- _What you are asked to do_: Please return all of the records verbatim, with the pictures omitted.

- _Data supplied_:
========
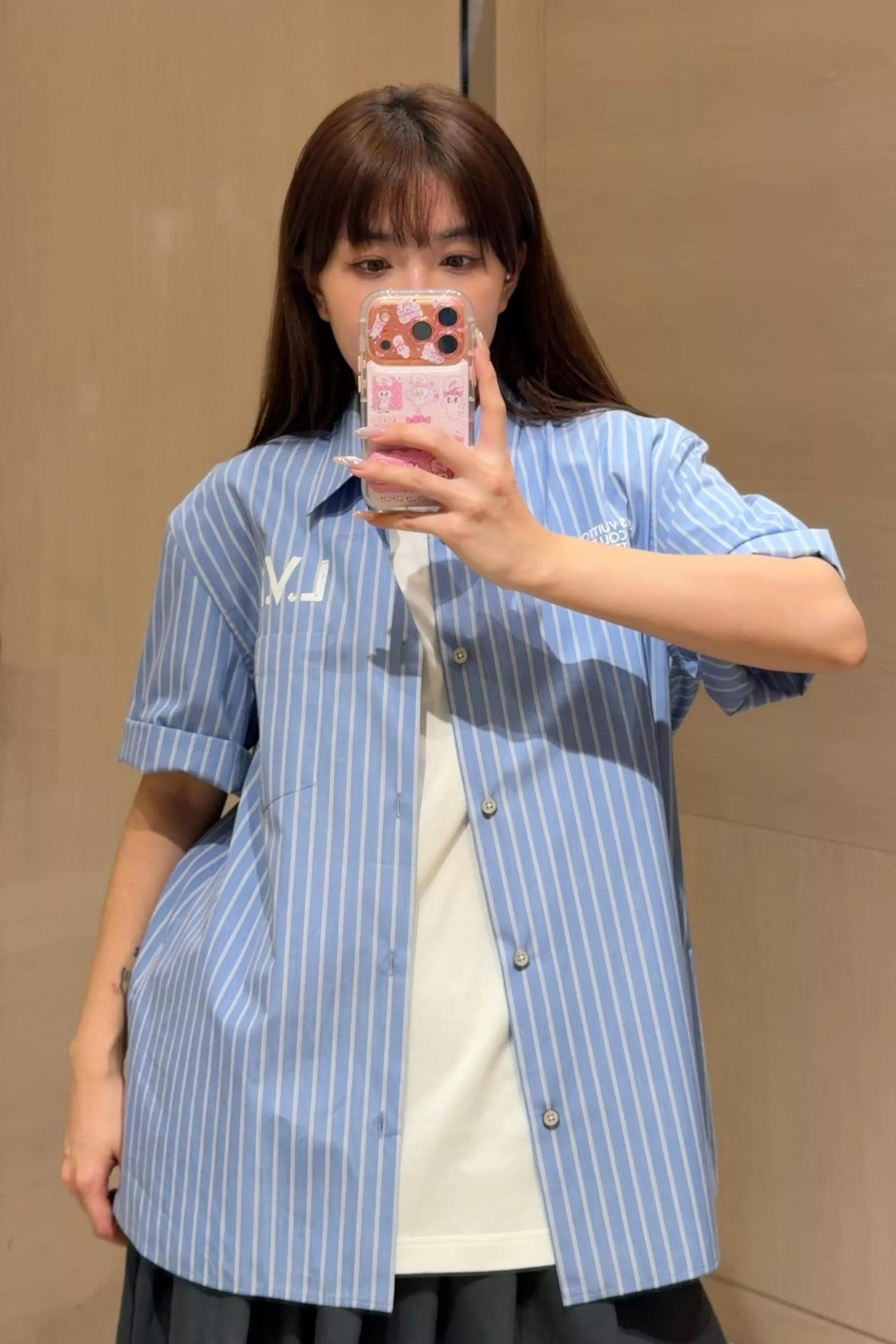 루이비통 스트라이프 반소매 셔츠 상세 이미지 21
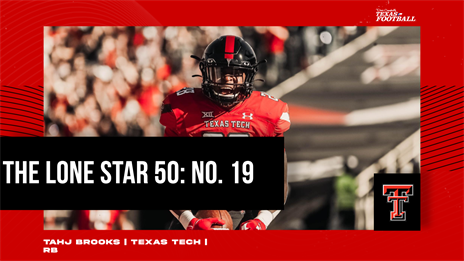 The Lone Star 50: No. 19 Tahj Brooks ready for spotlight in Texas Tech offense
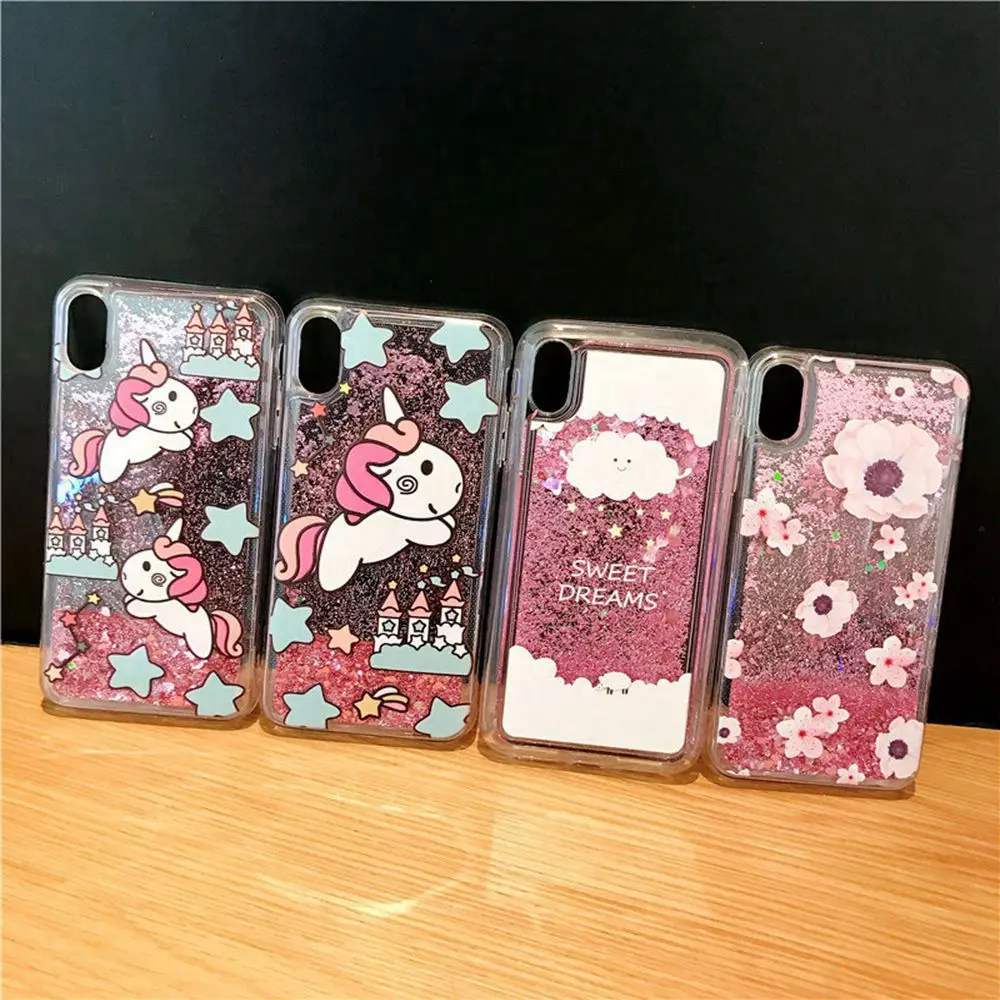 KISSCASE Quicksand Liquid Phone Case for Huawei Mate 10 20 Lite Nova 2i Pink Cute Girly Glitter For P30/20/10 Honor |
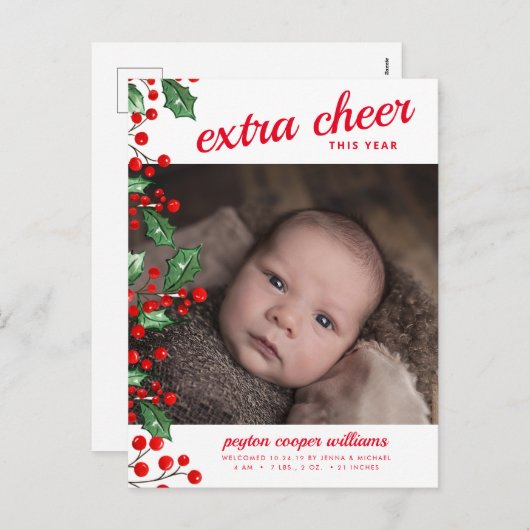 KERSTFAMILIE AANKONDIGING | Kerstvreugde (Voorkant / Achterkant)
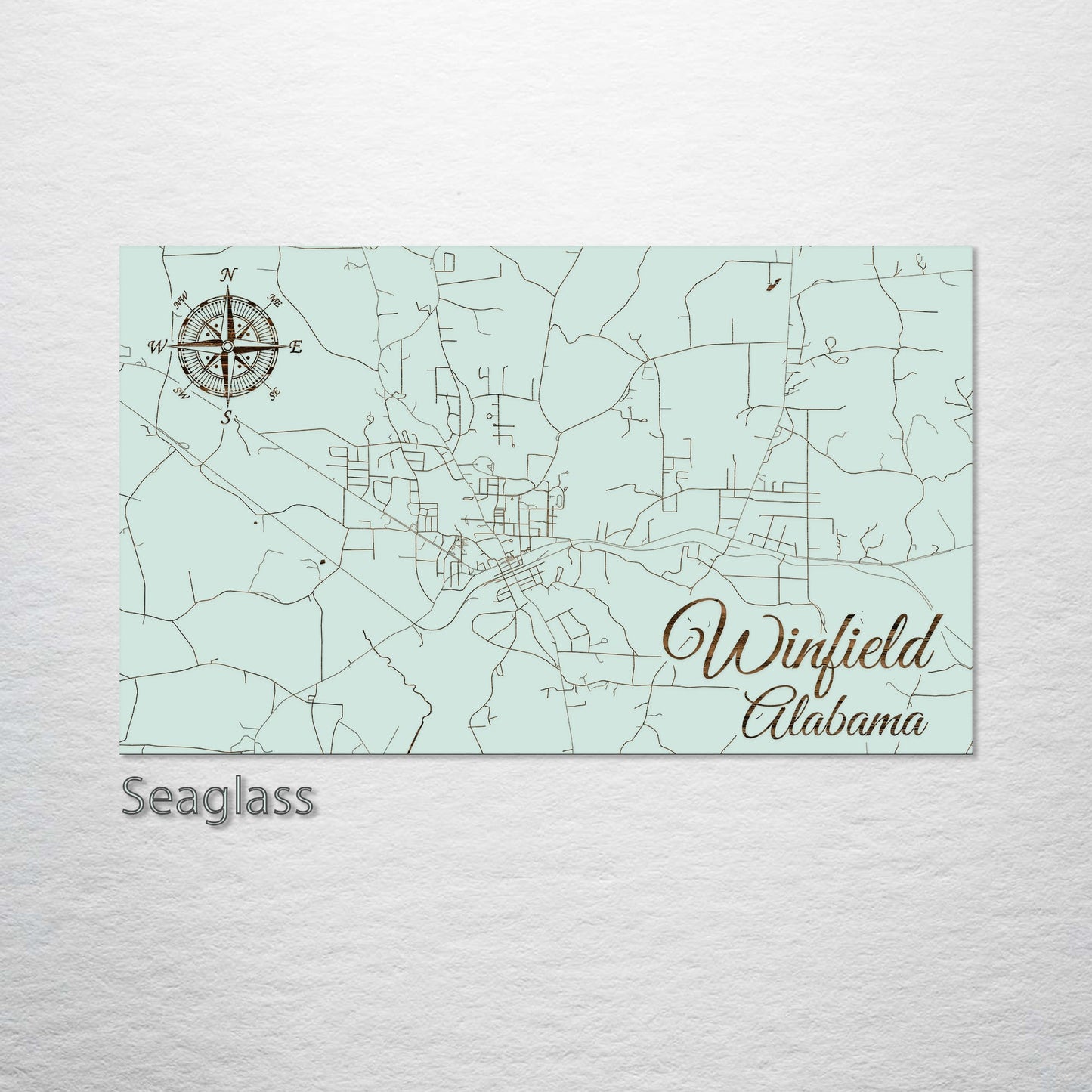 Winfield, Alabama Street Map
========
- _Response box_:
 루이비통 스트라이프 반소매 셔츠 상세 이미지 21
 The Lone Star 50: No. 19 Tahj Brooks ready for spotlight in Texas Tech offense
 KISSCASE Quicksand Liquid Phone Case for Huawei Mate 10 20 Lite Nova 2i Pink Cute Girly Glitter For P30/20/10 Honor |
 KERSTFAMILIE AANKONDIGING | Kerstvreugde (Voorkant / Achterkant)
 Winfield, Alabama Street Map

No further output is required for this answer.